Shanghai11:38AM GMT 19 Nov 2012
 
Friends say Zhai Xiaobing, 36, was taken into custody on the eve of China’s 18th Communist Party Congress, after he used Twitter to post online a spoof film synopsis in which China’s top leaders were killed when the roof of Beijing’s Great Hall of the People caved in.
 
“The Great Hall [of the People] collapses all of a sudden,” the tweet said.
 
“All 2,000 plus people in the meeting died instantly except for 7 of them. But the seven died mysteriously one after another.”
 
“How did the mysterious number 18 unlock the gates of Hell?” Mr Zhai added on Twitter, which is blocked but widely used in China.
 
Thousands of activists and campaigners were detained or forced from Beijing during the sensitive political handover after coming under pressure from China’s massive state security apparatus.
 
On Monday, the Chinese Human Rights Defenders group claimed that at least two petitioners had died after being assaulted during a Congress-related crackdown on dissent. Among them was Zhang Yaodong, a petitioner from Henan province, who was allegedly beaten to death in police custody three days before the Congress began.
 
With the Congress now over some of Beijing’s temporarily exiled activists have returned home.
 
But friends say Mr Zhai has yet to be released from a detention centre in Beijing’s Miyun county.
 
“Zhai’s family is really worried and panicking. They just hope Zhai can get out soon,” said Liu Yanping, a blogger and the assistant of Chinese artisit Ai Weiwei.
 
Hu Jia, a prominent human rights activist who has signed an online petition in support of the blogger, said Mr Zhai’s Tweet was a “teasing way of showing dissatisfaction.”
 
“He simply showed his aversion to the government. We all felt the absurdity of this matter,” he said, attributing Mr Zhai’s arrest to sensitivities around China’s once-in-a-decade leadership transition.

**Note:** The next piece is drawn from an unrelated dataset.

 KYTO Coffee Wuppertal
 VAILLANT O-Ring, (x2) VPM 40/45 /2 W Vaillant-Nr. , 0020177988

“At the time authorities were so nervous they were on the verge of a nervous breakdown,” he said.
 
Wu Gan, a Fujian-based blogger, said Mr Zhai’s arrest “makes everyone a potential criminal.” “Every word we say may cross the line. It is really a horrible thing. The whole world is moving forward with the free speech trend, and we are swimming against it.” “It is unbelievable they’d take it seriously,” he added.
 
Ai Xiaoming, a Guangdong-based scholar and documentary maker, also defended the blogger.
 
“If the authorities regard the joke as inappropriate, they can fight back and argue on open platforms, but not jail people for a literary offence,” she said.
 
“If Zhai gets released soon, it will send out a good signal for the new government. If not, it will extinguish the remaining faith and hope in the government.”